5. Pipeline persistence: 0 / 3 → 3 / 3
In Rick & Morty, the base agent produced inline, non-persistent code in all three runs. No .dlt/ directory. No state management. No incremental loading. No schema tracking. A pipeline-shaped artifact that behaves like a one-shot script.
The workbench initialized a proper pipeline every run with state tracking, scaffolding, the structure you need if the code is going to run more than once.
In GitHub the base agent did initialize a pipeline, but only because the sandbox already contained a .dlt/ directory. The workbench creates the proper structure regardless.

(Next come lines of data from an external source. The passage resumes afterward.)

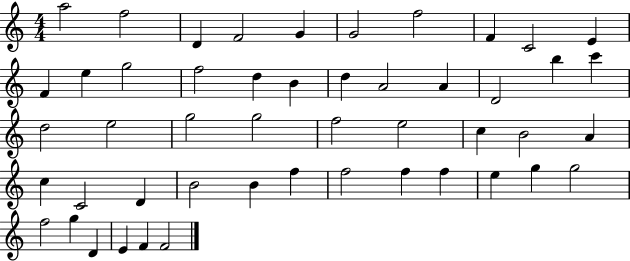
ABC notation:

X:1
T:Untitled
M:4/4
L:1/4
K:C
a2 f2 D F2 G G2 f2 F C2 E F e g2 f2 d B d A2 A D2 b c' d2 e2 g2 g2 f2 e2 c B2 A c C2 D B2 B f f2 f f e g g2 f2 g D E F F2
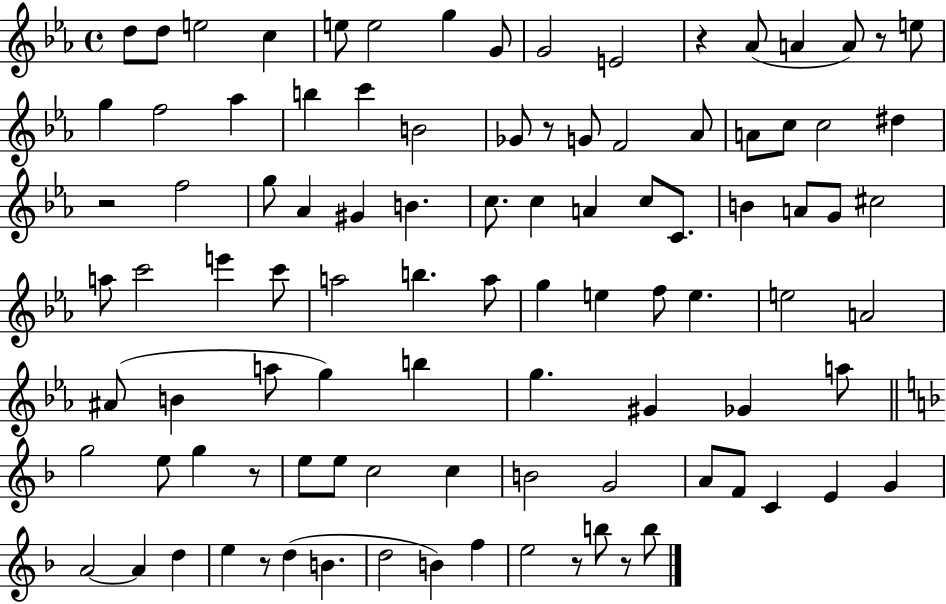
{
  \clef treble
  \time 4/4
  \defaultTimeSignature
  \key ees \major
  d''8 d''8 e''2 c''4 | e''8 e''2 g''4 g'8 | g'2 e'2 | r4 aes'8( a'4 a'8) r8 e''8 | \break g''4 f''2 aes''4 | b''4 c'''4 b'2 | ges'8 r8 g'8 f'2 aes'8 | a'8 c''8 c''2 dis''4 | \break r2 f''2 | g''8 aes'4 gis'4 b'4. | c''8. c''4 a'4 c''8 c'8. | b'4 a'8 g'8 cis''2 | \break a''8 c'''2 e'''4 c'''8 | a''2 b''4. a''8 | g''4 e''4 f''8 e''4. | e''2 a'2 | \break ais'8( b'4 a''8 g''4) b''4 | g''4. gis'4 ges'4 a''8 | \bar "||" \break \key d \minor g''2 e''8 g''4 r8 | e''8 e''8 c''2 c''4 | b'2 g'2 | a'8 f'8 c'4 e'4 g'4 | \break a'2~~ a'4 d''4 | e''4 r8 d''4( b'4. | d''2 b'4) f''4 | e''2 r8 b''8 r8 b''8 | \break \bar "|."
}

The cost, honestly a good thing
The workbench uses more tokens, 4.1x more in Rick & Morty, 2.1x more in GitHub. Most of the extra volume is cache reads (this means it’s reusing things from previous steps). Cache reads are priced at a fraction of fresh input tokens.
The actual spend:
Base Workbench Premium Rick & Morty (per run) $1.59 $3.08 +$1.49 GitHub (per run) $1.20 $1.34 +$0.14 Averaged (per run) $1.40 $2.21 +$0.81 (58%) Total across all 12 runs ~$8.38 ~$13.26 +$4.88
That is the cost of documentation reads, sampling, credential hygiene, iteration, and standardized pipelines done every run, without exception.
Why do I say this is a good thing?
Generating a single pipeline that “runs” cost $1.50 with claude, leaving a gap of work to be done at human pace. The bit it automated probably saved us 100x cost - so if we increase the amount of work under automation, we save similarly more from real world cost of engineer cognitive load, attention and time.
What separates slop from engineering
Read more: Agentic guardrails are the next logical step to safer code generation.
Both agents produce running code. Both use the right APIs. Both avoid unnecessary flattening. Claude is good at writing pipelines.
The base agent also reads credentials off disk, skips the docs, loads the full dataset without sampling, ships the first draft without iterating, and in half the runs produces a pipeline with no persistent state. The code works, but are you sure it’s correct? If it did a PR, a senior would probably reject it.
That is the core difference, and it is not subtle. The workbench process is more like software engineering. The other's looks like slop that bruteforced until the code ran.
The toolkit does not make the model smarter. Both agents are the same Claude. What the toolkit does is encode the process a careful data engineer follows: read the docs, don't leak secrets, sample first, iterate.
The question was never whether Claude can build a pipeline. The question is whether the process behind the pipeline is quality engineering or dangerous luck. Without the toolkit, you can't tell. With it, you don't have to.
The full workbench includes toolkits for REST API ingestion, data exploration, and production deployment too — so you can go from raw API to deployed, well-modeled pipeline without leaving your editor.